You are viewing a plain text version of this content. The canonical link for it is here.
Posted to solr-user@lucene.apache.org by Andre Parodi <an...@gmail.com> on 2010/01/26 19:40:16 UTC

To store or not to store serialized objects in solr

Hi,

We currently are storing all of our data in sql database and use solr 
for indexing. We get a list of id's from solr and retrieve the data from 
the db.

We are considering storing all the data in solr to simplify 
administration and remove any synchronisation and are considering the 
following:

1. storing the data in individual fields in solr (indexed=true, store=true)
2. storing the data in a serialized form in a binary field in solr 
(using google proto buffers or similar) and keep the rest of the solr 
fields as indexed=true, stored=*false*.
3. keep as is. data stored in db and just keep solr fields as 
indexed=true, stored=false

Can anyone provide some advice in terms of performance of the different 
approaches. Are there any obvious pitfalls to option 1 and 2 that i need 
to be mindful of?

I am thinking option 2 would be the fastest as it would be reading the 
data in one contiguous block. Will be doing some preformance test to 
verify this soon.

FYI we are looking at 5-10M records, a serialised object is 500 to 1000 
bytes and we index approx 20 fields.

Thanks for any advice.
andre

Re: To store or not to store serialized objects in solr

Posted by Markus Jelsma <ma...@buyways.nl>.
Hello Andre,


We have used this approach before. We did keep all our data in a RDBMS but
added serialized objects to the index so we could simply query the record
and display it as is, without any hassle and SQL connections.

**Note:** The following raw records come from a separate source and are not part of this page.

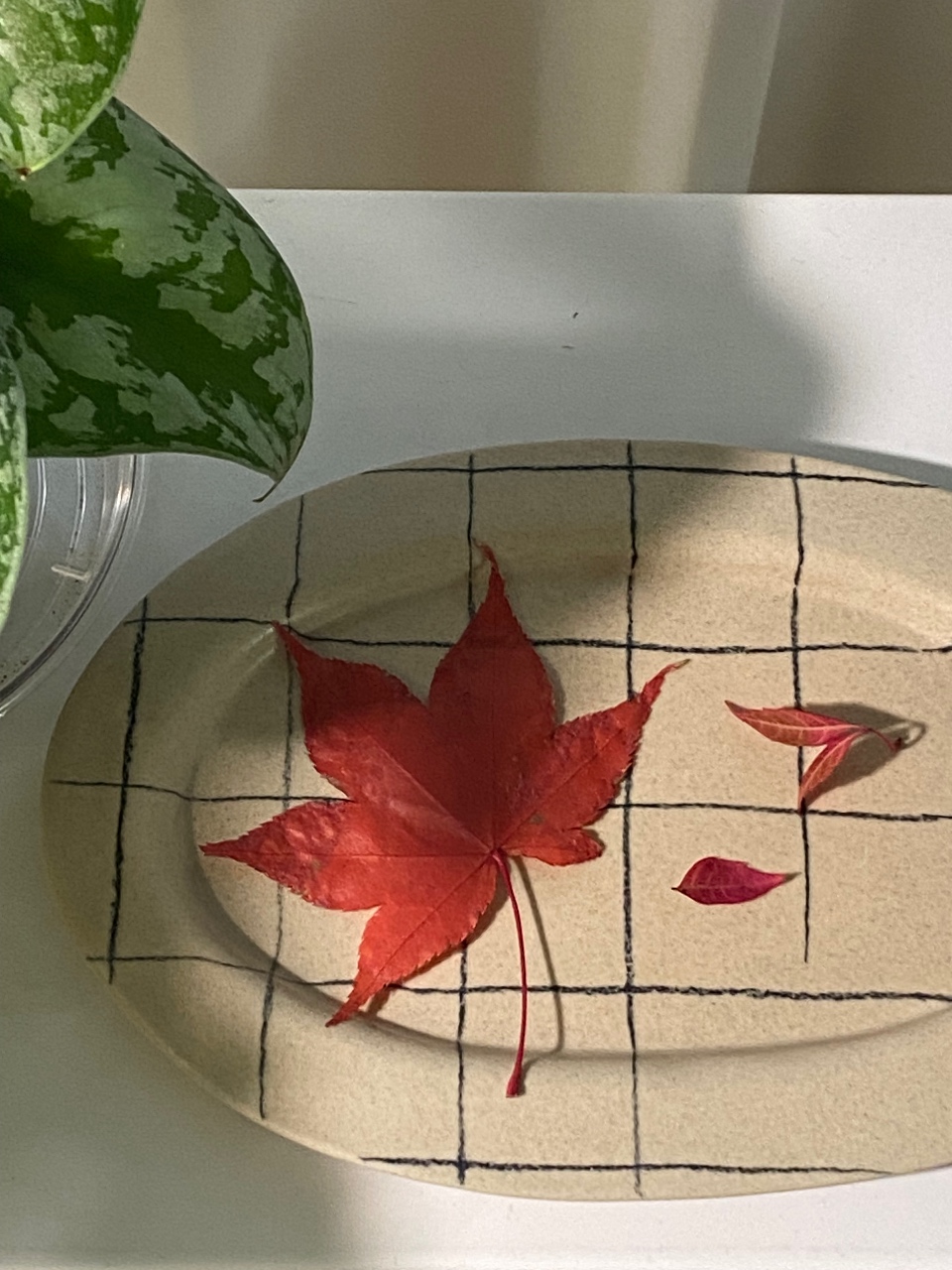 단풍잎 하나로 행복한 순간🍁💛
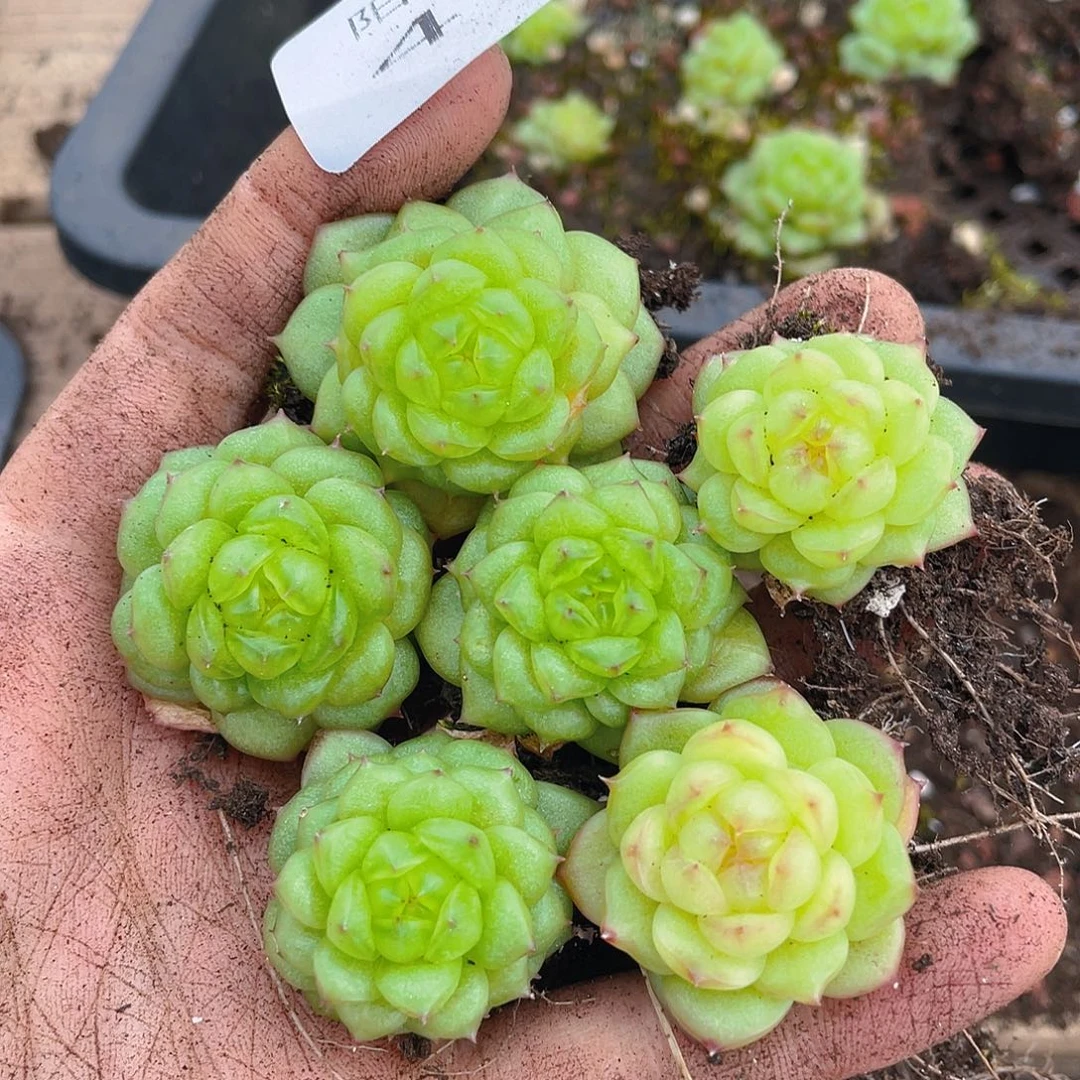 多肉植物多肉植物419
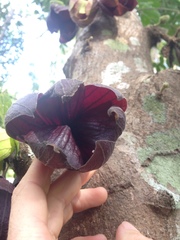 Sapranthus palanga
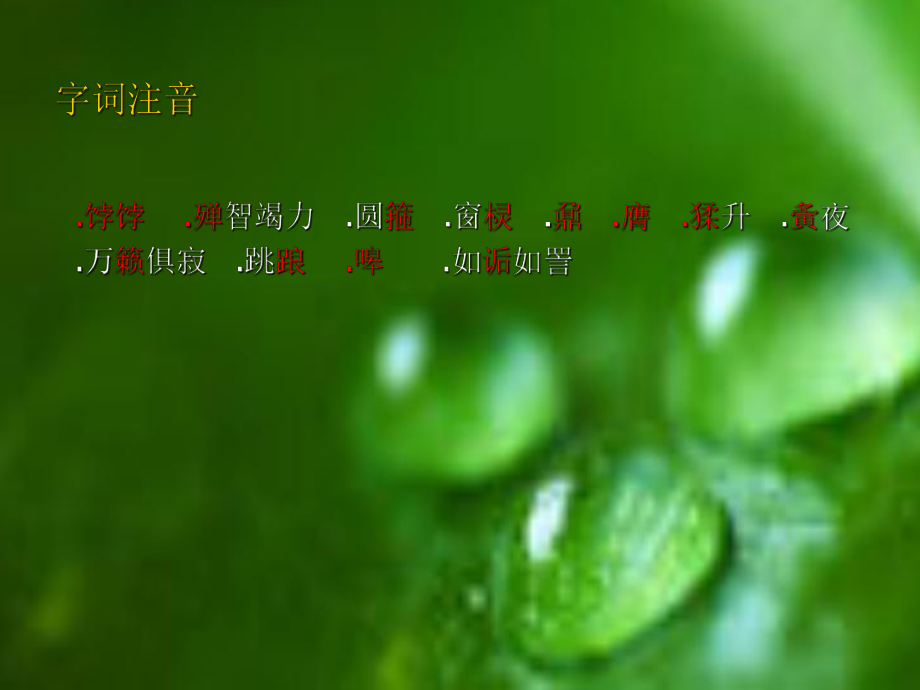 千教网-七年级上语文《猫的故事》(梁实秋)课件MHqnPq_第3页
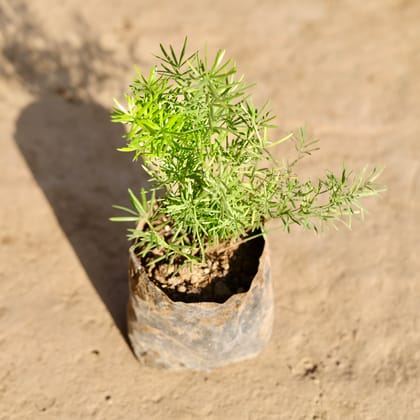 Buy Asparagus Mary Desi in 4 Inch Nursery Bag Online | Urvann.com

Although storing this data sounds a bit strange, it actually works well
and keeps things a bit simpler.

The performance of querying the index is the same (or with extremely tiny
differences). However, it does take some additional disk space and
transfer time for it to reach your application. On the other hand,
performance would surely be weaker if you would transfer the same data
(although in a not so verbose XML format) and need to connect and query a
SQL server.


Cheers,

Andre Parodi said:
> Hi,
>
> We currently are storing all of our data in sql database and use solr
> for indexing. We get a list of id's from solr and retrieve the data from
>  the db.
>
> We are considering storing all the data in solr to simplify
> administration and remove any synchronisation and are considering the
> following:
>
> 1. storing the data in individual fields in solr (indexed=true,
> store=true) 2. storing the data in a serialized form in a binary field
> in solr  (using google proto buffers or similar) and keep the rest of
> the solr  fields as indexed=true, stored=*false*.
> 3. keep as is. data stored in db and just keep solr fields as
> indexed=true, stored=false
>
> Can anyone provide some advice in terms of performance of the different
> approaches. Are there any obvious pitfalls to option 1 and 2 that i need
>  to be mindful of?
>
> I am thinking option 2 would be the fastest as it would be reading the
> data in one contiguous block. Will be doing some preformance test to
> verify this soon.
>
> FYI we are looking at 5-10M records, a serialised object is 500 to 1000
> bytes and we index approx 20 fields.
>
> Thanks for any advice.
> andre